【なでしこジャパン】「連動性と走力」の勝利。あきらめない心で手にしたW杯優勝 (3ページ目)

  • 早草紀子●取材・文 text&photo by Hayakusa Noriko

「絶対に私たちの方が勝ちたい!って気持ちが強かった」と鮫島彩が言うように、彼女たちはあきらめていなかった。そしてチャンスは訪れた。117分、宮間のCK。ニアに走り込んだ澤が右アウトサイドで合わせる。ゴール。日本が再び同点に追いついた。

 延長後半終了間際には、岩清水梓がモーガンの突破を退場覚悟のファウルで阻止。佐々木監督はピッチから出る岩清水から視線を外さず、ベンチに戻ってくると声をかけた。「それでいい」。直後、延長後半終了のホイッスルが鳴り響いた。

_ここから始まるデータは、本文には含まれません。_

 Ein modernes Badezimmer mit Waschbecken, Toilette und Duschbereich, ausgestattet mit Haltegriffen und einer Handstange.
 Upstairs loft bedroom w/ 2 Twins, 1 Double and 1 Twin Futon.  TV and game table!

 この時点で勝負は決していたのかもしれない。たしかに日本はPKが決して得意ではない。しかし、それ以上にアメリカには「なぜこんな展開になったのか」という焦りや混乱、割り切れない思いが120分を通して蓄積していたはずだ。失うものがない日本の方が精神的に有利だった。

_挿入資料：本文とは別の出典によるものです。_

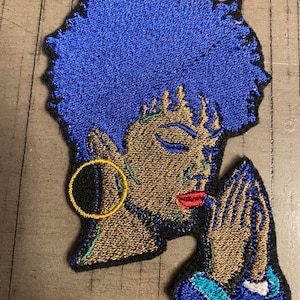 Pode incluir: Patch bordado com uma mulher de cabelo azul, olhos fechados e mãos em oração. O patch tem um brinco dourado e lábios vermelhos. O desenho é delineado em preto e tem detalhes turquesa e dourados.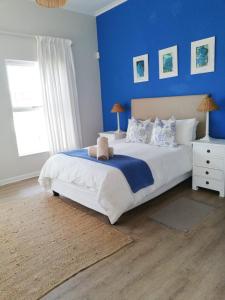 um quarto com uma cama grande e uma parede azul em Akwa em Hermanus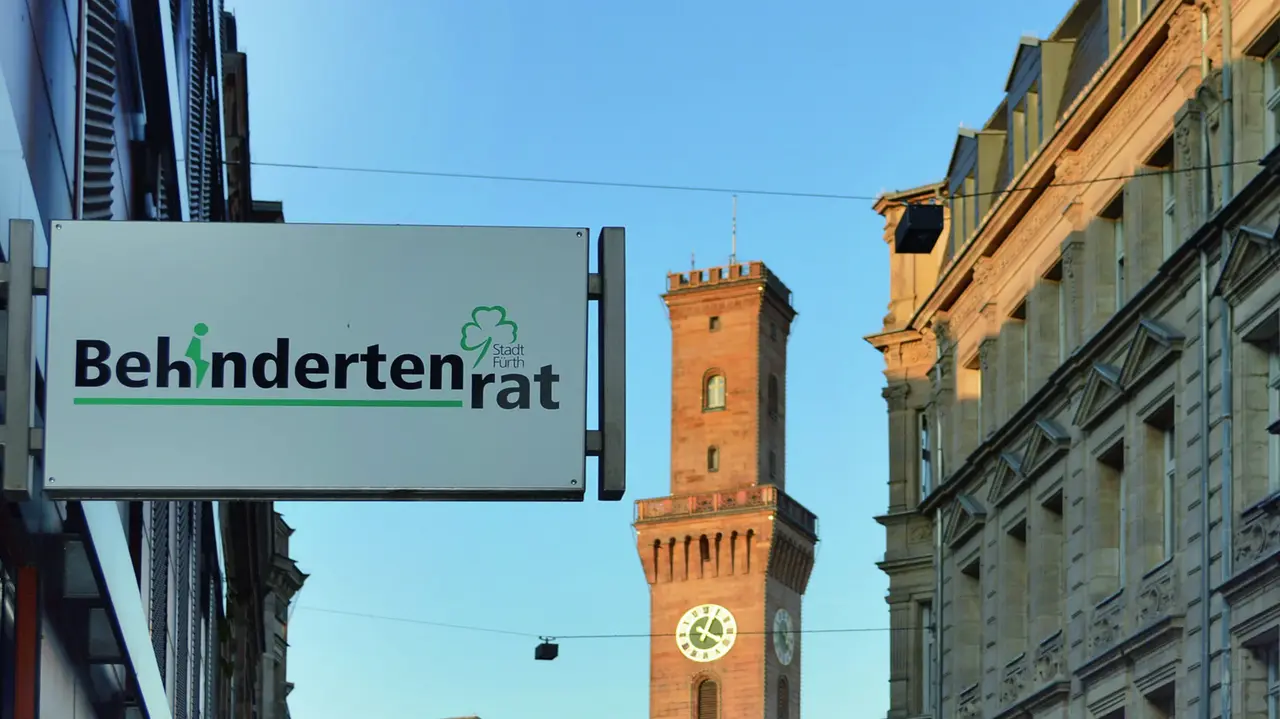 Behindertenrat Schild mit der Aufschrift „Behindertenrat“, im Hintergund das Fürther Rathaus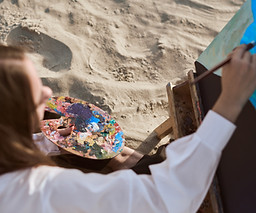 Young female artist paints on sandy beach, capturing vibrant colors of nature Serene seasi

 さらにGK海堀あゆみのセービングが冴えわたった。1本目をストップして追い風を生みだすと、2本目にミスを誘い、3本目を再びセーブ。日本4人目のキッカーである熊谷紗希のプレッシャーを取り除いた。

 ピッチでは澤が、近賀が、鮫島が、そしていつも動じる表情を見せない宮間までが、祈るように静かに目を閉じ、その瞬間を迎えようとしていた。

 熊谷の蹴ったボールがゴールネットに吸い込まれた瞬間、ピッチは歓喜に包まれた。はかなくも強く、まっすぐで不器用な、けれど世界で一番美しい花がそこにはあった。